529 Plans Are Suffering

Cheryl Lock

grandparentsSaving up for your kid’s college education has probably taken a back seat in recent years to things like living expenses and putting away for retirement.

At least that’s what recent findings would suggest. According to a report from student-loan lender Sallie Mae, roughly 14% of families with kids under 18 used 529 plans last year. This was the same proportion as in 2010, with one difference—contributions dropped 6% from 2010, with families depositing only an average of $1,770 in 2012.

Investment managers are moving accordingly. Since parents aren’t helping to sock away for their kids’ educations, they’re aiming to draw in the next best thing—grandparents.

In the past few months, many financial-services firms have introduced new programs aimed at encouraging grandparents to open 529 plans for their grandkids.

For example, Franklin Templeton Investments has been conducting 529 plan seminars geared to grandparents. “Grandparents have been identified as a target market for 529 plans,” Joe Hurley, founder of Savingforcollege.com, told Yahoo! Finance.

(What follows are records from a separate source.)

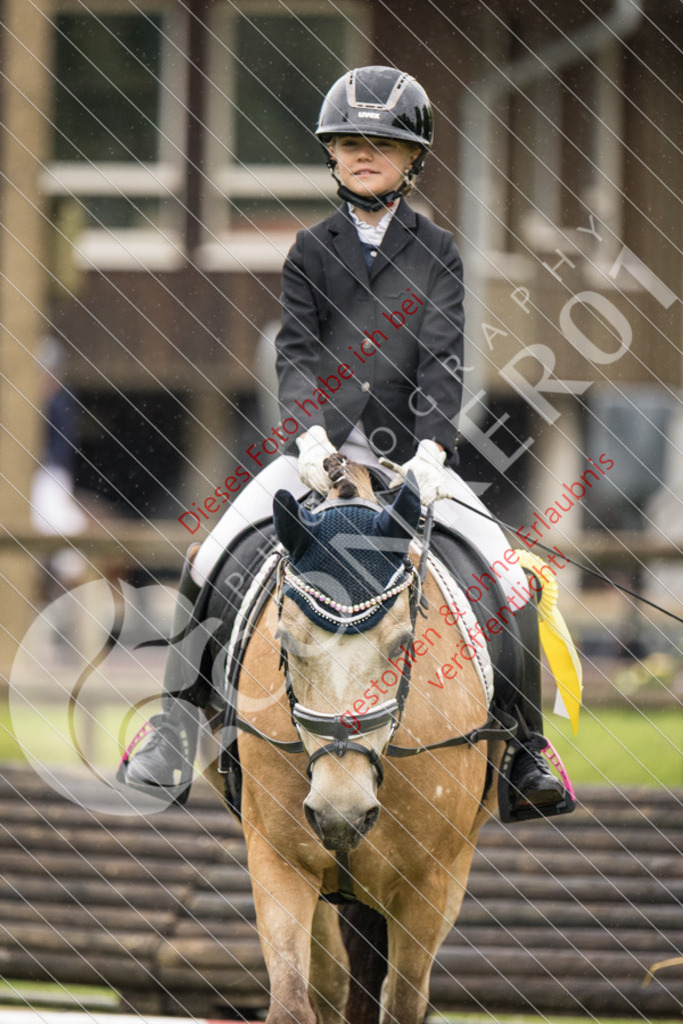 IMG_8034 | Sport-, Event- und Tierfotos in Profiqualität. Einfach auswählen, bestellen und herunterladen. Dein Moment – perfekt festgehalten.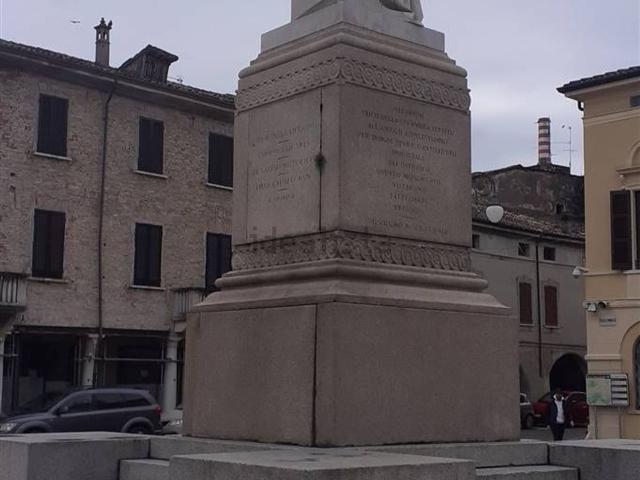 Appartamento in vendita a Ostiglia, Lombardia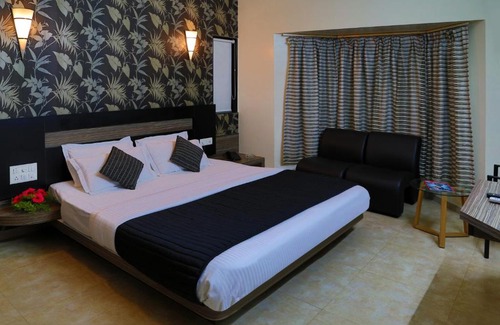 Cidco Hotel | Hotel The Leaf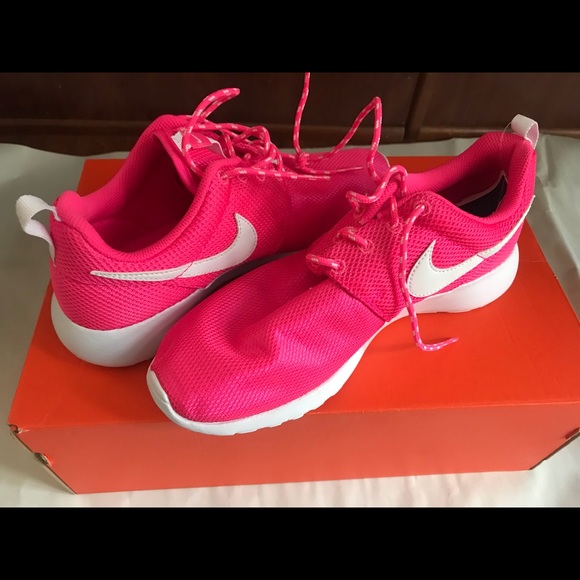 Nike roshe one Gs Pink blast/white(youth) - Picture 2 of 4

In a clever move, firms are tracking older clients with on-track retirement savings and hefty estates in the hopes that well-off grandparents will be happy to open accounts for their grandkids.

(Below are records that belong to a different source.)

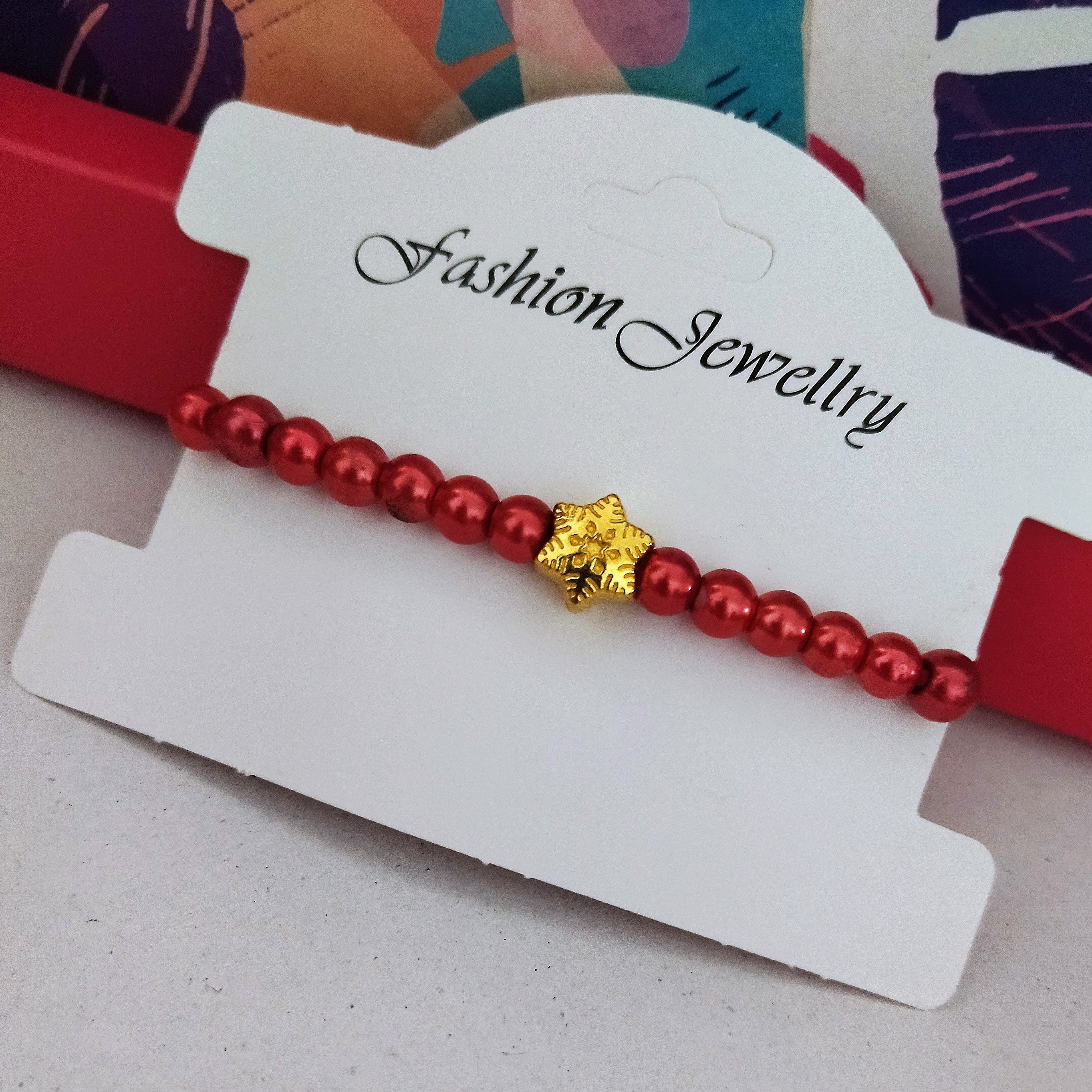 دستبند مرواریدی قرمز 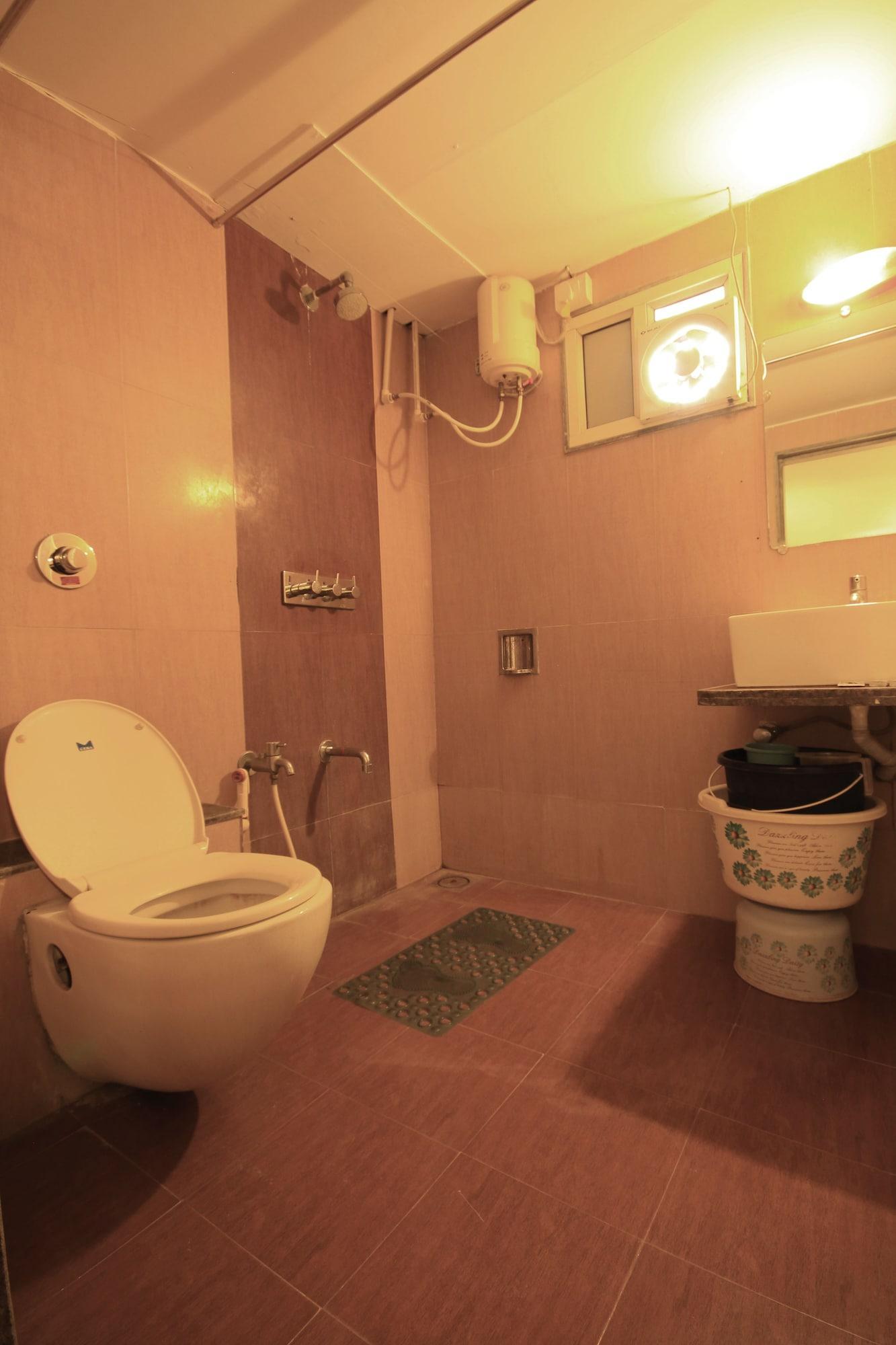 Fabhotel Kadamb Inn 阿穆达巴 外观 照片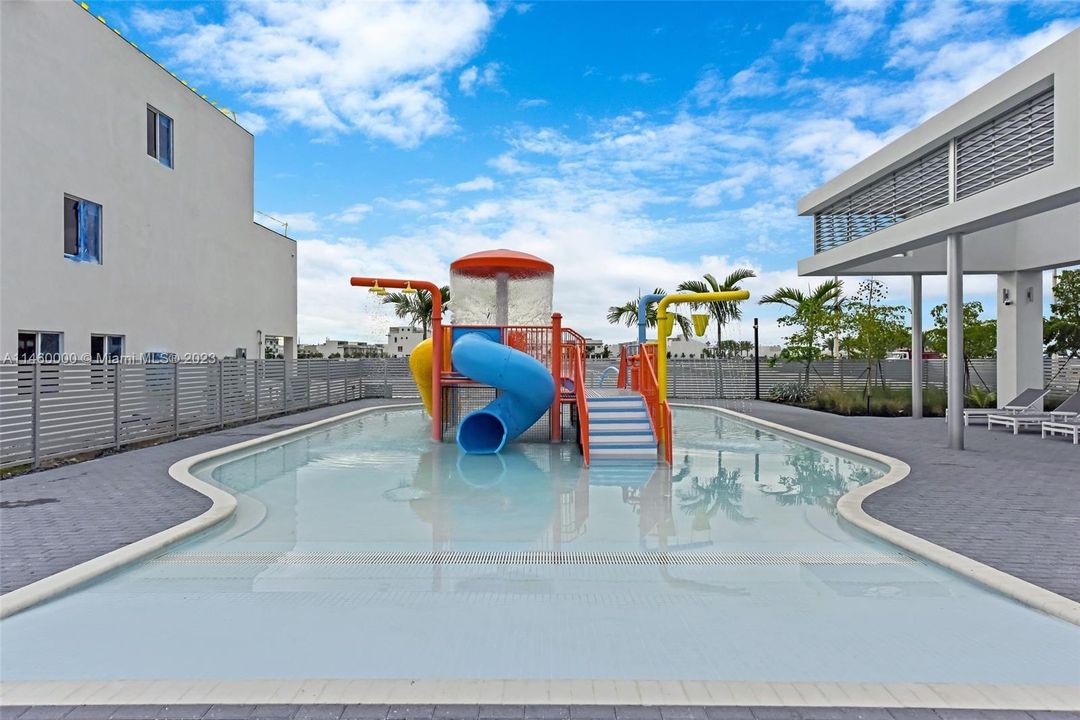 Recently Rented: $3,400 (3 beds, 2 baths, 1322 Square Feet)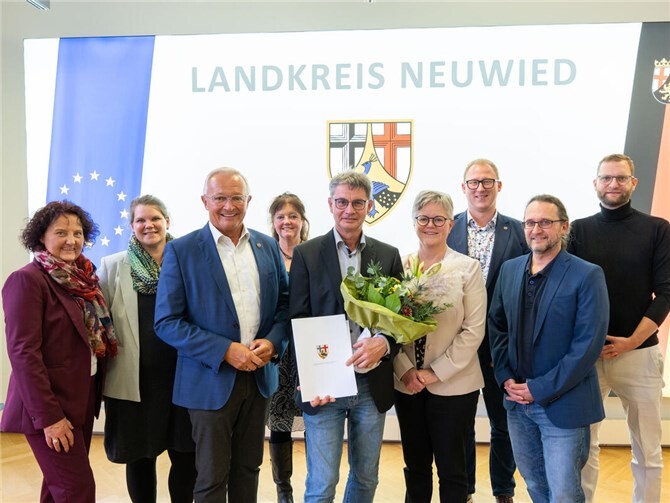 Viel Lob und Anerkennung gab es von Landrat Achim Hallerbach für den langjährigen Leiter des Kreisjugendamtes Neuwied, Jürgen Ulrich, zu dessen Verabschiedung. Darüber freute sich auch Ehefrau Agnes, während (von links) die Personalratsvorsitzende Birgt Eisenhuth, Kita-Referatsleiterin Kerstin Neckel, Kreisjugendpflege-Referatsleiterin Antje Escher, der 1. Kreisbeigeordnete Phillip Rasbach, der neue Kreisjugendamtsleiter Uwe Kukla und der Referatsleiter Personalmanagement Florian Nußbaum den Ausführungen des Kreis-Chefs gerne zustimmen konnten.  Foto: Julia Hinz / Kreisverwaltung Neuwied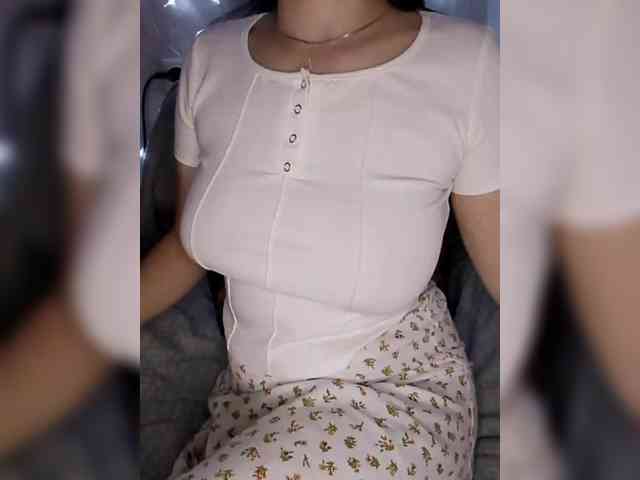 Liza_555 webcam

And it appears to be working. Tobias Henriksson, product manager for 529 plans at Raymond James, told Yahoo! Finance that in recent months he’s noticed new account openings with lump-sum contributions of over $100,000.

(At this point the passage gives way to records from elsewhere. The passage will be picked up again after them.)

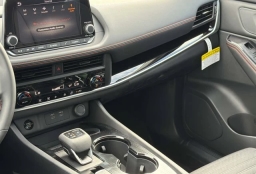 Nissan Rogue Rock Creek AWD 2026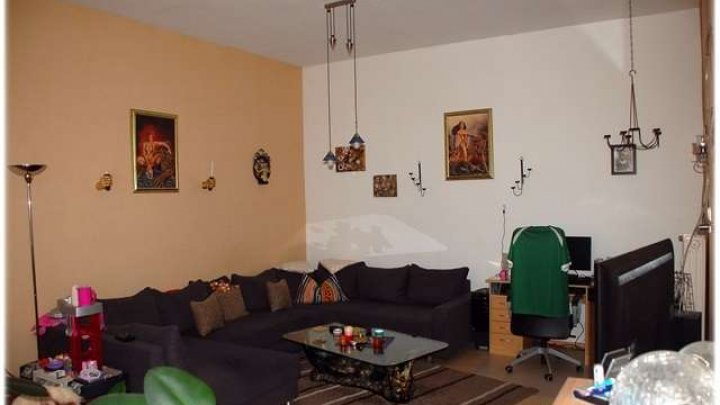 Großzügige Eigentumswohnung mit Garten und hoher Privatsphäre nahe Korbach!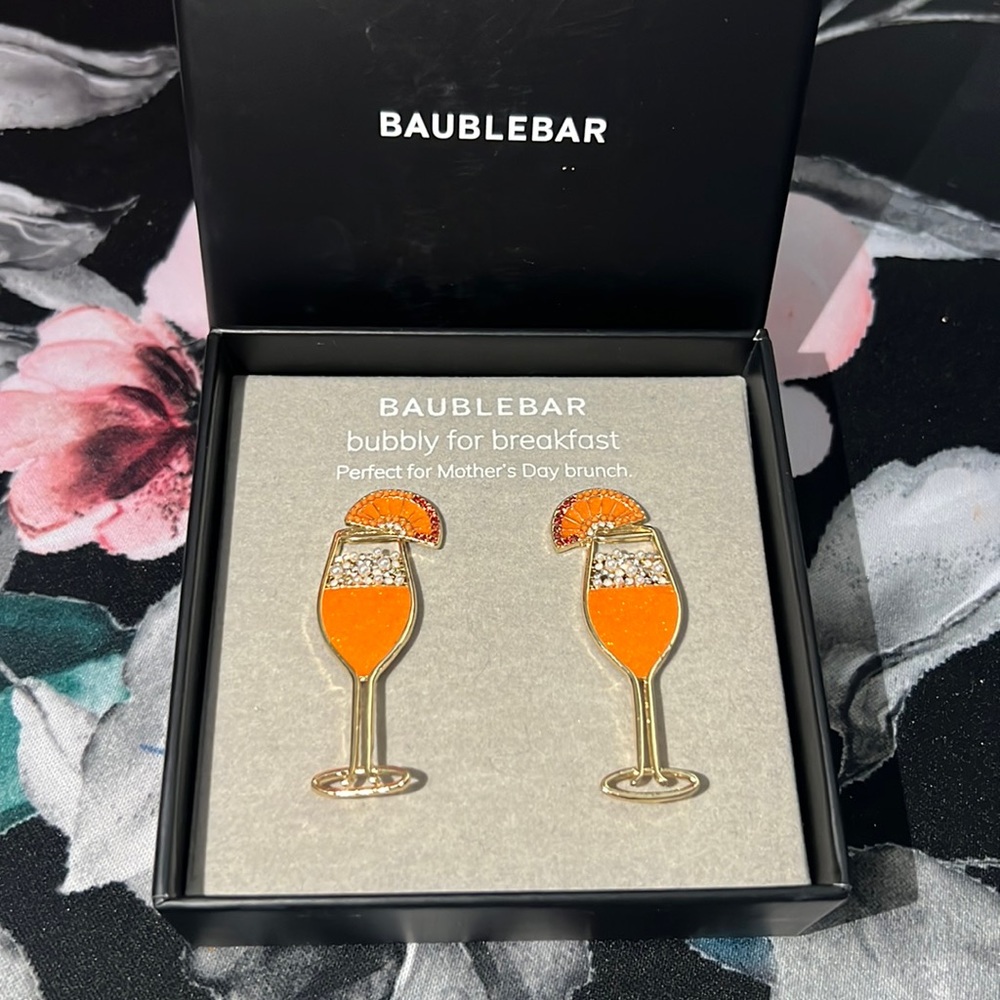 NWT Baublebar ‘Bubbly for Breakfast’ Earrings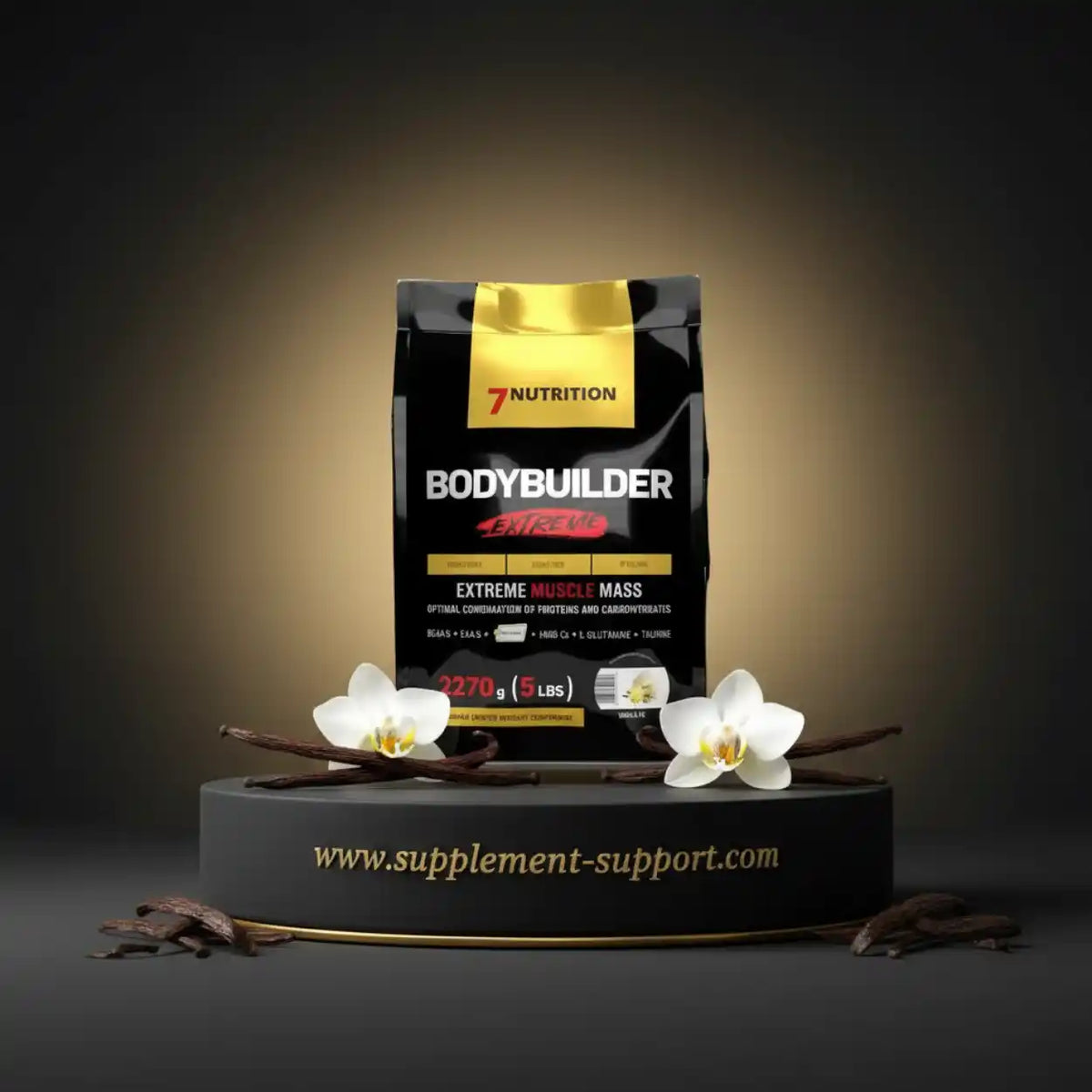 7 Nutrition Bodybuilder Extreme Muscle Mass Weight Gainer Packung auf dunklem Podest mit Orchideen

Some experts warn against having grandparents open 529s for their grandkids, as a withdrawal from this account can hurt a child’s chances of getting financial aid the following year, among other things. Instead, they recommend grandparents contribute to plans that parents themselves have opened.

  • MSub
  • LSG

    So the article titled “7 Financial Hacks You’ve never heard of” says having Grandparents open 529 actually helps financial aid eligibility. This article contradicts that. Which is it LearnVest?

    • LibbyKane

      Hi there! In 7 Financial Hacks, we mention that you should consult a financial planner before executing this strategy, because there are some complications that arise when you withdraw the money–specifically, the funds will be considered untaxed income when they’re withdrawn, which could damage eligibility for aid the following year. But having grandparents open a 529 is a viable strategy for many families to secure aid the first year or two years of college. The text above has been clarified to reflect that.

  • Brianne

    The problems with 529 plans is that they are different in every state and they require the money to be spent on educational expenses. What if my future children don’t go to college or have it completely paid for with scholarships? I’d rather save the money in a Roth IRA.